→ **Material shown**
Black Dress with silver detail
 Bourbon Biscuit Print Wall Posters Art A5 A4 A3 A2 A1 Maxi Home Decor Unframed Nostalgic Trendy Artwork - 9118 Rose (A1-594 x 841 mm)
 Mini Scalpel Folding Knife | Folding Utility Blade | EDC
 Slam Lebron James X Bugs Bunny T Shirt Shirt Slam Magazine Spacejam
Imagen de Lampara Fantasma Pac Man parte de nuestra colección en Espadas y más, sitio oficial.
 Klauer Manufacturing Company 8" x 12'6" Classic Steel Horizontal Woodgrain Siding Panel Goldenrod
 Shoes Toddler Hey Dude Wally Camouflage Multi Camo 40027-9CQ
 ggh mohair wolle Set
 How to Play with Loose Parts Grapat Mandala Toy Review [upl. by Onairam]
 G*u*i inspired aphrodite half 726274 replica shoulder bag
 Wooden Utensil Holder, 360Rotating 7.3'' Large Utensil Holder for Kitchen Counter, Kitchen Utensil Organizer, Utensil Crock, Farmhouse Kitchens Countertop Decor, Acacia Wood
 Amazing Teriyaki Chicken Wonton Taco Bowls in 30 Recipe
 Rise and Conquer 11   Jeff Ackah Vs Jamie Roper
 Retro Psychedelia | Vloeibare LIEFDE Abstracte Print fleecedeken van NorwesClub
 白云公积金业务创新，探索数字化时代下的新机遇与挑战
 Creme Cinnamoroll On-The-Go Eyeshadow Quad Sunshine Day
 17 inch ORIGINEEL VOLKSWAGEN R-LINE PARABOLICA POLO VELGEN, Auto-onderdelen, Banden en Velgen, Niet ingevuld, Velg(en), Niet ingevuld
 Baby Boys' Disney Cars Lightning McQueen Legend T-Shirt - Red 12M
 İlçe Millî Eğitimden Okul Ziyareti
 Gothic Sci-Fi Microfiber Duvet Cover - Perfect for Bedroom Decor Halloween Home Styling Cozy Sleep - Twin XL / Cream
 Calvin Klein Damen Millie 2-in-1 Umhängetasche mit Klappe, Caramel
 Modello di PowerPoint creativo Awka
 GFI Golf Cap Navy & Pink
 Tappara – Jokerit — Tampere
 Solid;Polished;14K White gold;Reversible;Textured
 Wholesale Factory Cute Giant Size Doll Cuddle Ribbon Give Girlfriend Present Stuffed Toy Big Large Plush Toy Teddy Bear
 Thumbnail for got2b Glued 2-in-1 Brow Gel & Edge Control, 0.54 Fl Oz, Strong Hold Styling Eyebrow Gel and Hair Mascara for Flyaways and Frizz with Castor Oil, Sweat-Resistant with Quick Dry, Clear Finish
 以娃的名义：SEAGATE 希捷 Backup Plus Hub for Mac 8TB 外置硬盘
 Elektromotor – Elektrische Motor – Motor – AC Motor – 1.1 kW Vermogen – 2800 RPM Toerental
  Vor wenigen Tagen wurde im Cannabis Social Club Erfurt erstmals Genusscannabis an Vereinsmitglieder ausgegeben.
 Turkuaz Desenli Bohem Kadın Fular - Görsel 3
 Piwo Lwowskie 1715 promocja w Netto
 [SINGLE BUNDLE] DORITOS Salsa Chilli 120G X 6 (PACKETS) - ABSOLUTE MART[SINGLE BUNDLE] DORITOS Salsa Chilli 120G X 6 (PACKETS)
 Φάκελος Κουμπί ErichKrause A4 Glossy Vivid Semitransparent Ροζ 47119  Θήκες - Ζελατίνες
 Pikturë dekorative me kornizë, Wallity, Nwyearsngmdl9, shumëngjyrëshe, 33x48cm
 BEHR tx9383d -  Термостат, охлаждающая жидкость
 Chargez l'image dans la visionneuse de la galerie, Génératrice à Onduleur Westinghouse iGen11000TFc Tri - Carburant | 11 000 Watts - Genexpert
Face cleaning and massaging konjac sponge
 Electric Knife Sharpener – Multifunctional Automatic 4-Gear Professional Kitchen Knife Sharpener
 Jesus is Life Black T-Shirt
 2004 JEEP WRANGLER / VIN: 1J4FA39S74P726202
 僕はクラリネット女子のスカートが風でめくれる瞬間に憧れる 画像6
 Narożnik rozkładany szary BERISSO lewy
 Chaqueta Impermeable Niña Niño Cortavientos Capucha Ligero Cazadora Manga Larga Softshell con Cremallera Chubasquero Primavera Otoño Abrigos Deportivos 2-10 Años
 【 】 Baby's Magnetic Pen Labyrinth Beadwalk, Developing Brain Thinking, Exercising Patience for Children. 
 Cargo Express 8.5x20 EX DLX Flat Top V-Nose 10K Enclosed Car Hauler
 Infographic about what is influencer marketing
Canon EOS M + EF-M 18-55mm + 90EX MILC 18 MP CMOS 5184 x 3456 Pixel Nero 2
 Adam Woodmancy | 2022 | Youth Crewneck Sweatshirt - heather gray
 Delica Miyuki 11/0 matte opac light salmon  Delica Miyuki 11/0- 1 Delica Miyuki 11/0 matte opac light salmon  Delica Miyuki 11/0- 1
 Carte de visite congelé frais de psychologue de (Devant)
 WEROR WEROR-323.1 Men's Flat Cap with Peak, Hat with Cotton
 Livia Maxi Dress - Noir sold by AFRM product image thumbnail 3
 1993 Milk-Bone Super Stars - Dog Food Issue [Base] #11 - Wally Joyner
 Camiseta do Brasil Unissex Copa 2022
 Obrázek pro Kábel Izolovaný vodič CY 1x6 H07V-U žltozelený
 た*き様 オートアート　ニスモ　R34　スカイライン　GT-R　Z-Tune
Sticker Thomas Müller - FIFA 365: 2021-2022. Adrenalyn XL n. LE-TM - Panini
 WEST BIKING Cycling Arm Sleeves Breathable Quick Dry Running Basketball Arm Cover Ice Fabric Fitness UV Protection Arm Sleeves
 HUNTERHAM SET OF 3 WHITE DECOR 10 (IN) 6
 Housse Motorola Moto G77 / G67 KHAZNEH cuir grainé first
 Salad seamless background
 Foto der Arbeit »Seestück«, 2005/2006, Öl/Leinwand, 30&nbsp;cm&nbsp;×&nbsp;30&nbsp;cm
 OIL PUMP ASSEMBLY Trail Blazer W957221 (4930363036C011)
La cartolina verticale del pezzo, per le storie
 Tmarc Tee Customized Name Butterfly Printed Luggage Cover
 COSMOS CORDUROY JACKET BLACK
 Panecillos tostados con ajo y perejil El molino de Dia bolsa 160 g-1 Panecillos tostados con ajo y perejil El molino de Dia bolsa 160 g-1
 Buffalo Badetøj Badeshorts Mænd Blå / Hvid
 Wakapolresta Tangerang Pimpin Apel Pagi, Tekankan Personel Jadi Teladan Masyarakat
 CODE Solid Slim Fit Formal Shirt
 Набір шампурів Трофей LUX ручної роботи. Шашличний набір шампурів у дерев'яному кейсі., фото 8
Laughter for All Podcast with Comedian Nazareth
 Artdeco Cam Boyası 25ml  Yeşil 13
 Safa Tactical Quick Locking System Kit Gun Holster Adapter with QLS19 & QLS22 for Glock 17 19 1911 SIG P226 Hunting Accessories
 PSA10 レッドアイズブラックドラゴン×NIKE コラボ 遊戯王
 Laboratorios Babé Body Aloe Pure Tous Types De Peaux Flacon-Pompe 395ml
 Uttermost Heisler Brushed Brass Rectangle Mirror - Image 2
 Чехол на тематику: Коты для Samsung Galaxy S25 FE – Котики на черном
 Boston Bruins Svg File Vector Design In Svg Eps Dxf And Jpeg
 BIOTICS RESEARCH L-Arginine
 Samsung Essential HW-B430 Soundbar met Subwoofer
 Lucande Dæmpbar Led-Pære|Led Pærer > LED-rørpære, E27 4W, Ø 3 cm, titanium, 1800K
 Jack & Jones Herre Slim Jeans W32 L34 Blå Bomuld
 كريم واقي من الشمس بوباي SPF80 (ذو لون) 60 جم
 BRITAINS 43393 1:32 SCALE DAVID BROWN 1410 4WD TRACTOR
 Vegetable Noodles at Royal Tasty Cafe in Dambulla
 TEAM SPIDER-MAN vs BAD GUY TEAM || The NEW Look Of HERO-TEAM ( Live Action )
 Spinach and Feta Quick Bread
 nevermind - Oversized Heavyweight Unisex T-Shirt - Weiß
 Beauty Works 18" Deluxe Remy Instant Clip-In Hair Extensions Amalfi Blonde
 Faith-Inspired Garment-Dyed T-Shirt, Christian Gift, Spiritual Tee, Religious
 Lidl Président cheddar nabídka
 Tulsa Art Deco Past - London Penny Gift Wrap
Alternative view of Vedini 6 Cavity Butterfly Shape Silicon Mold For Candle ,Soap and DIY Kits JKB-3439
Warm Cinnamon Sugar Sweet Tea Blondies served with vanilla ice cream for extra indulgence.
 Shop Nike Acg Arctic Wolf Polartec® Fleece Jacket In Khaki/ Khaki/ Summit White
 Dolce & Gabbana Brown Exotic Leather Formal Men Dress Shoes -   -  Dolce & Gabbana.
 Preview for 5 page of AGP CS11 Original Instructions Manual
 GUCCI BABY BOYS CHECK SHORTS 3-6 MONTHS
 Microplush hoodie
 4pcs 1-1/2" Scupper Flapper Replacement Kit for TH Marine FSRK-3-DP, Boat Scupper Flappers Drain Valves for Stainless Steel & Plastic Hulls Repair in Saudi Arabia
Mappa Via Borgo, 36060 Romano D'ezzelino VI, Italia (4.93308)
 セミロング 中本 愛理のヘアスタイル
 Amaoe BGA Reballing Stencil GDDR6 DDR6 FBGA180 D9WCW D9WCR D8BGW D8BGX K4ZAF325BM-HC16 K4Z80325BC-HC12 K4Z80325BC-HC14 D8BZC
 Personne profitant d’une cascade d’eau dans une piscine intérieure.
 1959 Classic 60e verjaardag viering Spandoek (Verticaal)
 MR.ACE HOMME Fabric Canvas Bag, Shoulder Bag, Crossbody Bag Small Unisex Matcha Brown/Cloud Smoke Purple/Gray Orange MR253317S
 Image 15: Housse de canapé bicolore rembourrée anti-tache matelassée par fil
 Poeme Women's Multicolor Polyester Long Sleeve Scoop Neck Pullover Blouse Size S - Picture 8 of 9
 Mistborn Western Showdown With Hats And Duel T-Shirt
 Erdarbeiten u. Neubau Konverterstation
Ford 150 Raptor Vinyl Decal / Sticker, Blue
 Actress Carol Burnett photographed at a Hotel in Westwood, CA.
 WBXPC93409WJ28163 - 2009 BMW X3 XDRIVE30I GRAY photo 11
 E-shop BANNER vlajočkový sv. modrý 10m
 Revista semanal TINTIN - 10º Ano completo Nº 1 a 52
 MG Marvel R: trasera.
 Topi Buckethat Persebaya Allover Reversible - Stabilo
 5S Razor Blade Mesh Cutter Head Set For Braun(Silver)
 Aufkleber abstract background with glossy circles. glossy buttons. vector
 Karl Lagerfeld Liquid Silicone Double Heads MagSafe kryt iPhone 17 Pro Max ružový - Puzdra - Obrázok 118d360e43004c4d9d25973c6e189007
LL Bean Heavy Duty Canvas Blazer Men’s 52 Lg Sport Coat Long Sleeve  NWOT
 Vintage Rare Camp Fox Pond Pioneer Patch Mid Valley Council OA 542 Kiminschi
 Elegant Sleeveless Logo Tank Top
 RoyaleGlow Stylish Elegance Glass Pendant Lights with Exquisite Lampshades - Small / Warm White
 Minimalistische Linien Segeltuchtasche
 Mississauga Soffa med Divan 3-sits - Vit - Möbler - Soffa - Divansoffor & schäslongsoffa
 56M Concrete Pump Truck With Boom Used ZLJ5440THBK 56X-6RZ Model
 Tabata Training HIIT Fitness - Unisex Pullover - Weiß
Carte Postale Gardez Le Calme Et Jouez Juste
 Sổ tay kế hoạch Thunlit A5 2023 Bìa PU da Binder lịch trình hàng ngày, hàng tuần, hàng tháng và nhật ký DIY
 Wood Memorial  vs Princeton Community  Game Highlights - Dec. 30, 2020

→ **What is needed**
With "Quick" as the string to find, copy every line of the records that holds it.

→ **Task output**
 Thumbnail for got2b Glued 2-in-1 Brow Gel & Edge Control, 0.54 Fl Oz, Strong Hold Styling Eyebrow Gel and Hair Mascara for Flyaways and Frizz with Castor Oil, Sweat-Resistant with Quick Dry, Clear Finish
 WEST BIKING Cycling Arm Sleeves Breathable Quick Dry Running Basketball Arm Cover Ice Fabric Fitness UV Protection Arm Sleeves
 Safa Tactical Quick Locking System Kit Gun Holster Adapter with QLS19 & QLS22 for Glock 17 19 1911 SIG P226 Hunting Accessories
 Spinach and Feta Quick Bread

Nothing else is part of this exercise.